How 'hydroclimate whiplash' and climate change may have contributed to severity of LA fires

Friday, January 10, 2025 5:39PM PT
SAN FRANCISCO (KGO) -- As the planet's temperatures continue to rise, climate experts say extreme weather is more likely to cause historic events like we're seeing with the Southern California fires.

Fires are complex, but most experts agree one contributing factor stands above the rest: climate change.

RELATED: Here's the role climate change may be playing in deadly SoCal wildfires, experts say

"It does seem like the hotter earth is generating more and more extreme weather for everybody," National Weather Service Senior Forecaster Andrew Rorke said. "When we issue a particularly dangerous situation, that's usually a 5-10 year event and here we've issued three of them in the past three months."

2024 was the hottest year on record.



For the first time ever, the global temperature rose by more than 2.7 degrees compared to the pre-industrial average - eclipsing the threshold set by the 2015 Paris Agreement.

And the heating planet causes a phenomenon that San Jose State Climate Scientist Eugene Cordero says is known as "hydroclimate whiplash."

"Where you go from dry, to wet, back to dry," Cordero said. "It's something that's challenging to forecast, but certainly something California has experienced before. We have these super dry years and then, next thing you know, we're having these floods."

That's because warm air works like a giant sponge.

RELATED: Los Angeles 'not prepared' for size, growth of raging wildfires: Fire chief

When it releases water, it can soak our state - like with the historic atmospheric rivers from past winters.
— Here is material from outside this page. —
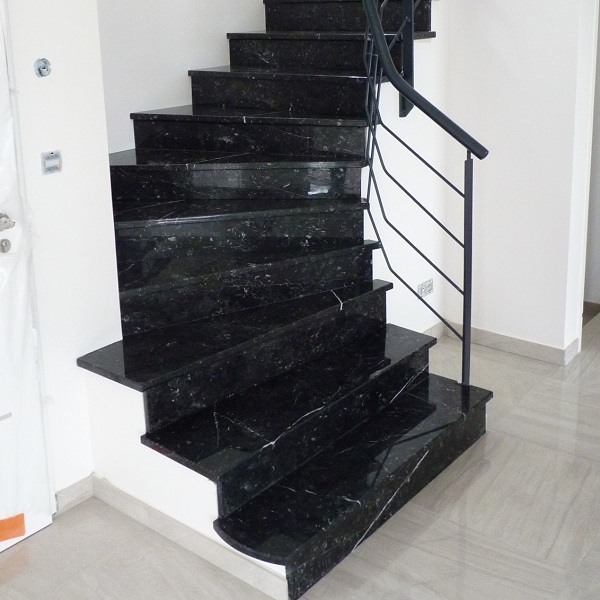 Escalier quart tournant en marbre noir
But when that water gets soaked back up, CSU East Bay Assistant Professor of Environmental Science and Anthropology Tony Marks-Block says there may not be significant rainfall for months - like we've seen in Southern California.
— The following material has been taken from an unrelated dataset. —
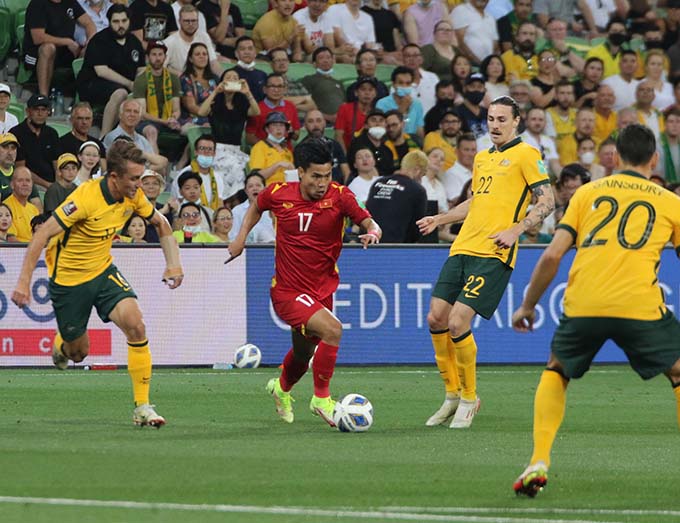 Việt Nam từng phải nhận trận thua 0-4 trước Australia trong khuôn khổ vòng loại World Cup 2022 (Ảnh: VFF)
"It becomes really prime conditions for these extreme fire events and the Santa Ana winds accelerated the spread of fire," Marks-Block said.

He adds extreme conditions like these are possible throughout the state, including here in the Bay Area.

"We know that these are not once-in-100-year events anymore, these are events that still aren't happening everywhere all the time, but the risk of these events is becoming higher," Cordero said.



As the weather becomes more unpredictable, Cordero says we may need to adjust where and how we live to prevent further destruction.